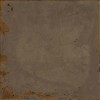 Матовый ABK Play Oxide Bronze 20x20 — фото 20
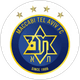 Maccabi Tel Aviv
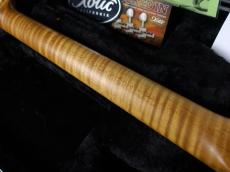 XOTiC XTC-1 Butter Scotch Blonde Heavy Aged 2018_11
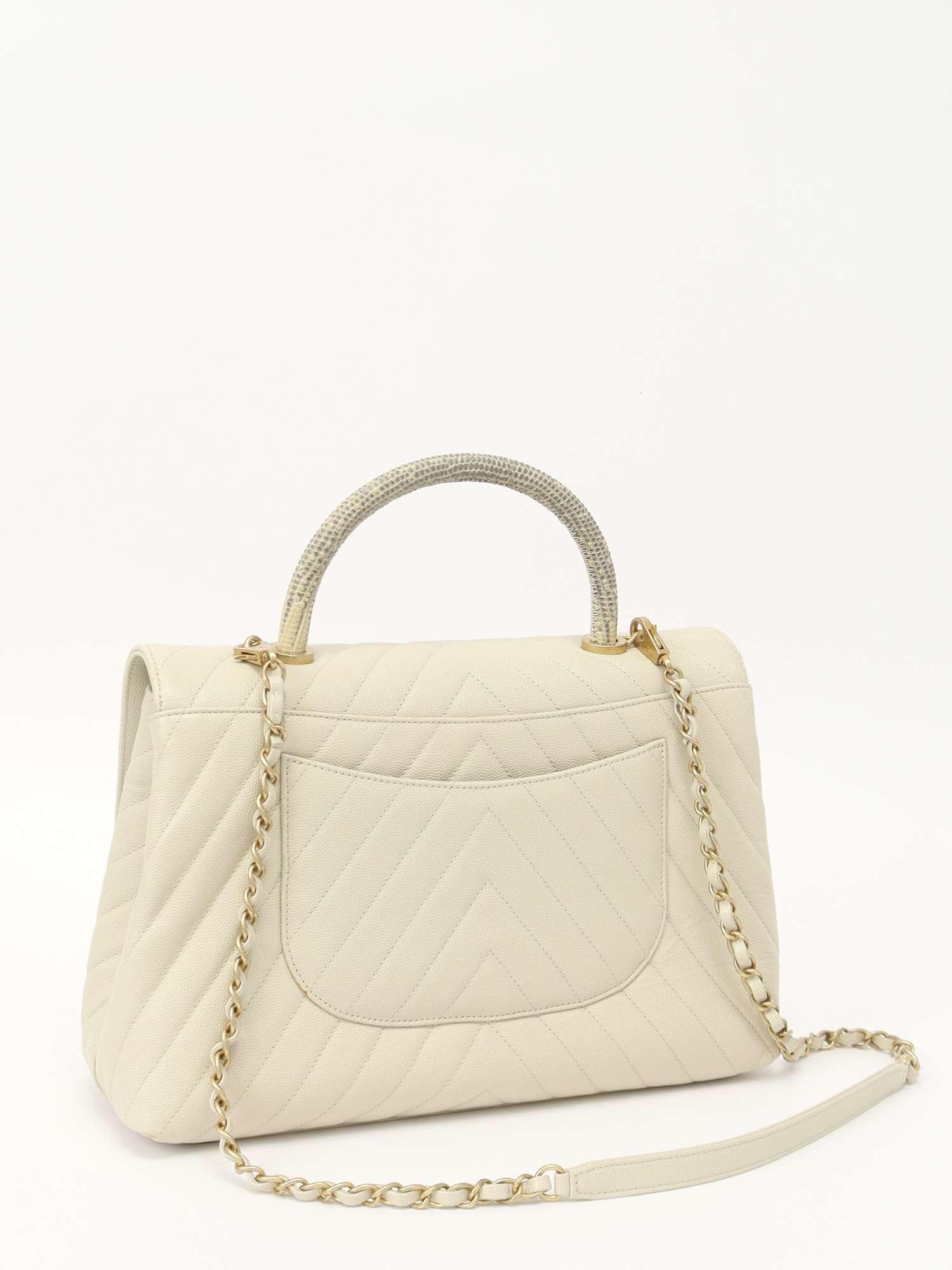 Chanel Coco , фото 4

------------

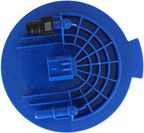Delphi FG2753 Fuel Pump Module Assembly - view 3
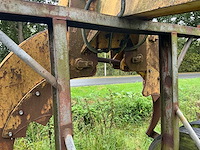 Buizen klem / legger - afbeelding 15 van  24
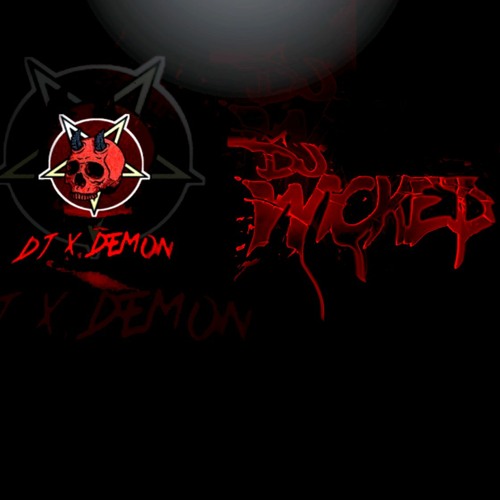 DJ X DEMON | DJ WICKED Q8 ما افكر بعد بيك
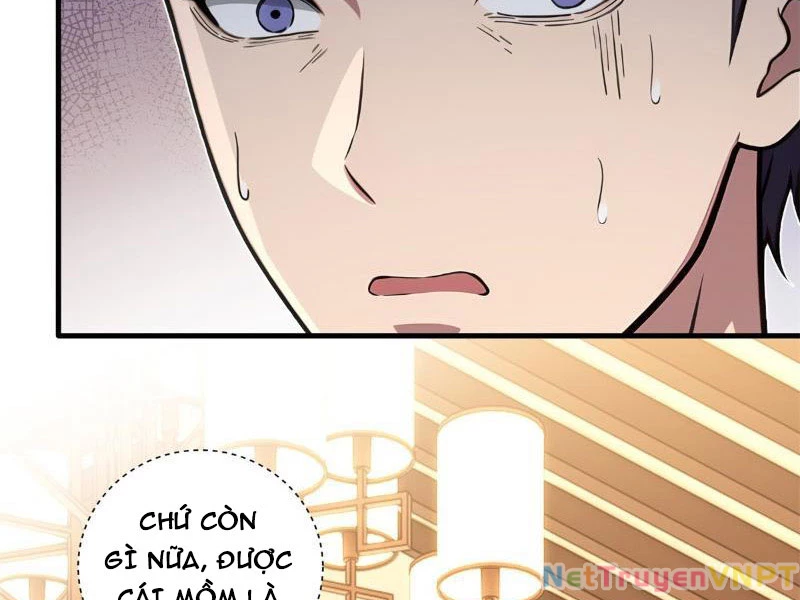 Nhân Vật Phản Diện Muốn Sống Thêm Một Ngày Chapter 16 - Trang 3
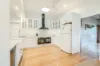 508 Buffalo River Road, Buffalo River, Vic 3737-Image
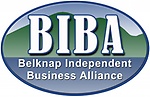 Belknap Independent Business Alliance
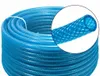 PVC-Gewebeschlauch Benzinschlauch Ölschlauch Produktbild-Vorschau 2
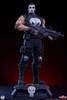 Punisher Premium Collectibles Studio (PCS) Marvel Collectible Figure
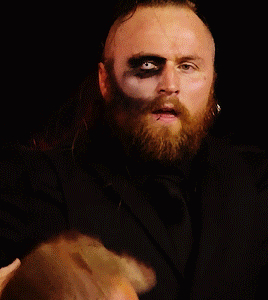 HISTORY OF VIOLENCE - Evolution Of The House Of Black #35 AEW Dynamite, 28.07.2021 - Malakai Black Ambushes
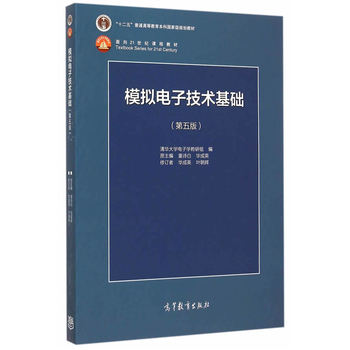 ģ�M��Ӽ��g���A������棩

------------

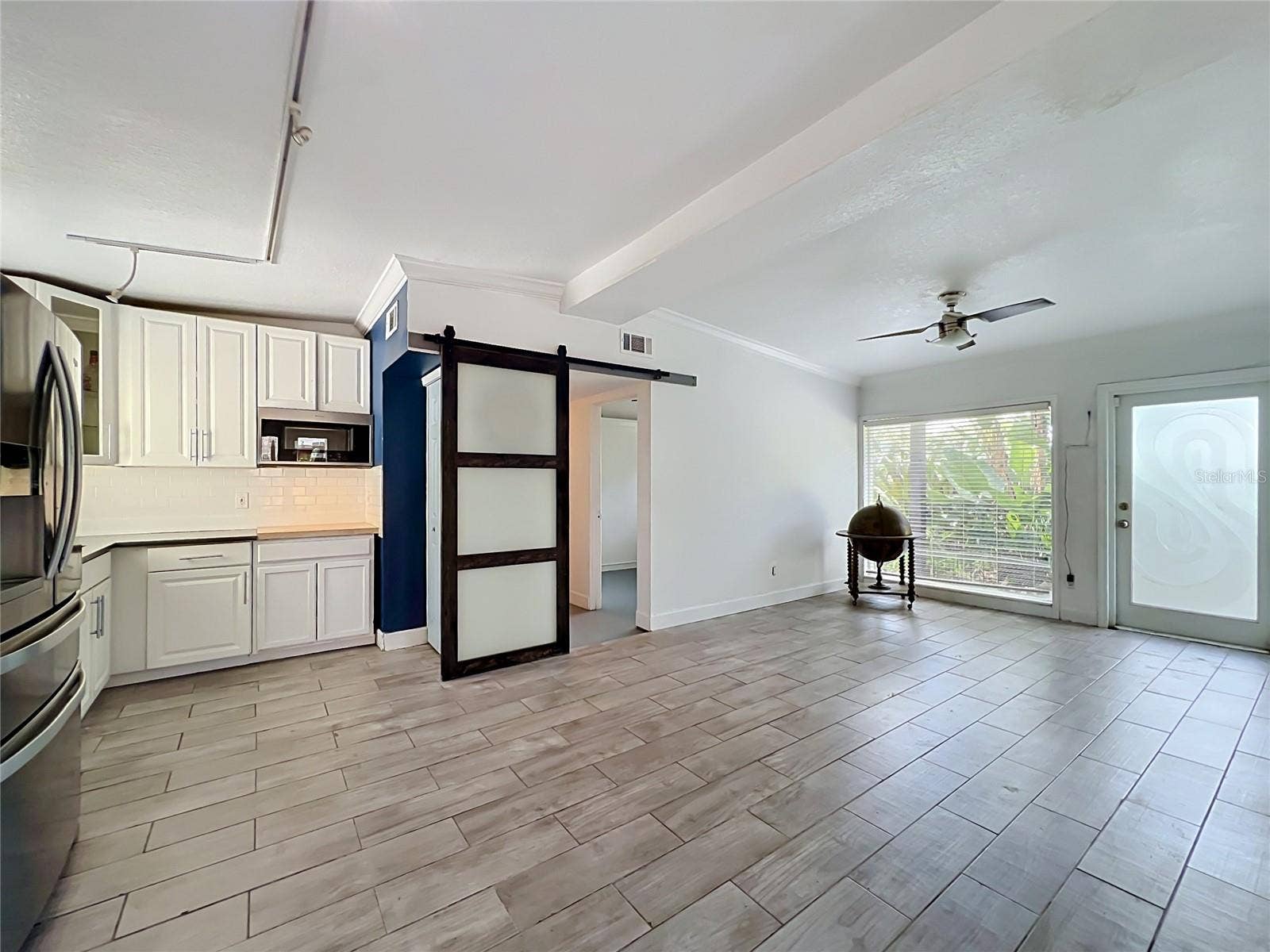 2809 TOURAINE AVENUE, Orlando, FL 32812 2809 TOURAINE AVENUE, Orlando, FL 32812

------------

#### EXERCISE AIM:
Above are some records; extract exactly the lines from the one containing "DJ X DEMON | DJ WICKED Q8 ما افكر بعد بيك" through the one containing "Punisher Premium Collectibles" and drop the pictures.

#### ANSWER SPACE:
 DJ X DEMON | DJ WICKED Q8 ما افكر بعد بيك
 Nhân Vật Phản Diện Muốn Sống Thêm Một Ngày Chapter 16 - Trang 3
 508 Buffalo River Road, Buffalo River, Vic 3737-Image
 Belknap Independent Business Alliance
 PVC-Gewebeschlauch Benzinschlauch Ölschlauch Produktbild-Vorschau 2
 Punisher Premium Collectibles Studio (PCS) Marvel Collectible Figure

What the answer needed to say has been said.